### [Exercise]
Both the line below containing "blush, bangs, medium_breasts" and the line containing "Zimowy wieczór z", along with every line between them, should be repeated exactly; no other line belongs in the answer.

### [Data for processing]
_ _ _ _

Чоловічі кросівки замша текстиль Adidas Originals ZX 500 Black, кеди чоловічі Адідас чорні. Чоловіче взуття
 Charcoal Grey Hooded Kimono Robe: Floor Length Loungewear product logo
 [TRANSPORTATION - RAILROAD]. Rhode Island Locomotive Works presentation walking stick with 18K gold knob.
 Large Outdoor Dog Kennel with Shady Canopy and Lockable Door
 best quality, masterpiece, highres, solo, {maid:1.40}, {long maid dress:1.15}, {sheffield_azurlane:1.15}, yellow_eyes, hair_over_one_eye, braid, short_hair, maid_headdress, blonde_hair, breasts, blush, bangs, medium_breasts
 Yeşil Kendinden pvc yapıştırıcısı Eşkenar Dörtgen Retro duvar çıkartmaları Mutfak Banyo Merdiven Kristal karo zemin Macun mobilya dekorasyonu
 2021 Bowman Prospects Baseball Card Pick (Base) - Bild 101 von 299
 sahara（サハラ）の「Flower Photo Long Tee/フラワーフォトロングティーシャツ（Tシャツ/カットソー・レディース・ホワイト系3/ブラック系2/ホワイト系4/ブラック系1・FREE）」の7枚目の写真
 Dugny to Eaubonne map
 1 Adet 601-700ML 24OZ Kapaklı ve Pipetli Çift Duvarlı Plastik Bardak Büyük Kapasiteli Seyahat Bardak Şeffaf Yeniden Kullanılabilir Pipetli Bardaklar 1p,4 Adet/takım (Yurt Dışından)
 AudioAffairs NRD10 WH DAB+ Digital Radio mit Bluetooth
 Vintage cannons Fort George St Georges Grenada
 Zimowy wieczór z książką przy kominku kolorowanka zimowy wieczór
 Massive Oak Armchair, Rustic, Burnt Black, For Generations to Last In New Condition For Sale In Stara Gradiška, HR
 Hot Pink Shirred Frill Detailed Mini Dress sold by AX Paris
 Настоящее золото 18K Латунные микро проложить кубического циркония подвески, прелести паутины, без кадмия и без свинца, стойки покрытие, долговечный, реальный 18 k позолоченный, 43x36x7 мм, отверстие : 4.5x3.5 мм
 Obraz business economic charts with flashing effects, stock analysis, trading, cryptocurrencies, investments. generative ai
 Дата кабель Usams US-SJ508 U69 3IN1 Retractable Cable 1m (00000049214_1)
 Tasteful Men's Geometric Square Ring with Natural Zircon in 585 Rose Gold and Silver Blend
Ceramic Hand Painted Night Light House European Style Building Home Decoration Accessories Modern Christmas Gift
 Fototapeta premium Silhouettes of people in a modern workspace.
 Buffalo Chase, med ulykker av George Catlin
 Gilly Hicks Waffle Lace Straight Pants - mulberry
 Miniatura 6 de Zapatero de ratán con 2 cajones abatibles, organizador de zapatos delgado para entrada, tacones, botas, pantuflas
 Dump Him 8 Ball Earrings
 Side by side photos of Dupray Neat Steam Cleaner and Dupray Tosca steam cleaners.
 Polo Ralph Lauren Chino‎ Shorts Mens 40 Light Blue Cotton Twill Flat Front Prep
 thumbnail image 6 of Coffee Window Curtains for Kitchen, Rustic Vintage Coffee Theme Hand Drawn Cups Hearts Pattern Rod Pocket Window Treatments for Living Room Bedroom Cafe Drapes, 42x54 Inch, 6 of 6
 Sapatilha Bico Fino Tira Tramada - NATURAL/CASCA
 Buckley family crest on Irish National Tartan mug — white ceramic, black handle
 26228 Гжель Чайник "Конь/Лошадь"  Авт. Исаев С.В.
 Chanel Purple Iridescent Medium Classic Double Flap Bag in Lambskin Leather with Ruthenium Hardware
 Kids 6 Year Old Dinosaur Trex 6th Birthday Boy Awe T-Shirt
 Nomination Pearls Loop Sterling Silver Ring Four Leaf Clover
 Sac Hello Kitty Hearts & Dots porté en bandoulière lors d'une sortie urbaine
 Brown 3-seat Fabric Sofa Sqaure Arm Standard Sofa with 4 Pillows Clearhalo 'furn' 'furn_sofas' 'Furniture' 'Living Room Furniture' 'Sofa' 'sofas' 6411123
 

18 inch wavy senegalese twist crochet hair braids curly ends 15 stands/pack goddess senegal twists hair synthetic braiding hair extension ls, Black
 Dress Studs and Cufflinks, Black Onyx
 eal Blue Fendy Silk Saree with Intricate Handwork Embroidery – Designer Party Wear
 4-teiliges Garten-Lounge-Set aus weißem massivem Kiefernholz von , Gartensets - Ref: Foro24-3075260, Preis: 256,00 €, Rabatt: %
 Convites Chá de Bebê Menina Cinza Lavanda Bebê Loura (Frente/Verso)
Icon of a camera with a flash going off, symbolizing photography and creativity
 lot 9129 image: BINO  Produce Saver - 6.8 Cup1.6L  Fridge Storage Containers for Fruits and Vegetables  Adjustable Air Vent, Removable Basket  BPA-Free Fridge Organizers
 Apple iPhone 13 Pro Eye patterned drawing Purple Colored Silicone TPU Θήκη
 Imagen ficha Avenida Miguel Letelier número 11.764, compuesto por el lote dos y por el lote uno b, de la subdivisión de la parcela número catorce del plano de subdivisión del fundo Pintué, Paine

_ _ _ _

### [Task solution]
 best quality, masterpiece, highres, solo, {maid:1.40}, {long maid dress:1.15}, {sheffield_azurlane:1.15}, yellow_eyes, hair_over_one_eye, braid, short_hair, maid_headdress, blonde_hair, breasts, blush, bangs, medium_breasts
 Yeşil Kendinden pvc yapıştırıcısı Eşkenar Dörtgen Retro duvar çıkartmaları Mutfak Banyo Merdiven Kristal karo zemin Macun mobilya dekorasyonu
 2021 Bowman Prospects Baseball Card Pick (Base) - Bild 101 von 299
 sahara（サハラ）の「Flower Photo Long Tee/フラワーフォトロングティーシャツ（Tシャツ/カットソー・レディース・ホワイト系3/ブラック系2/ホワイト系4/ブラック系1・FREE）」の7枚目の写真
 Dugny to Eaubonne map
 1 Adet 601-700ML 24OZ Kapaklı ve Pipetli Çift Duvarlı Plastik Bardak Büyük Kapasiteli Seyahat Bardak Şeffaf Yeniden Kullanılabilir Pipetli Bardaklar 1p,4 Adet/takım (Yurt Dışından)
 AudioAffairs NRD10 WH DAB+ Digital Radio mit Bluetooth
 Vintage cannons Fort George St Georges Grenada
 Zimowy wieczór z książką przy kominku kolorowanka zimowy wieczór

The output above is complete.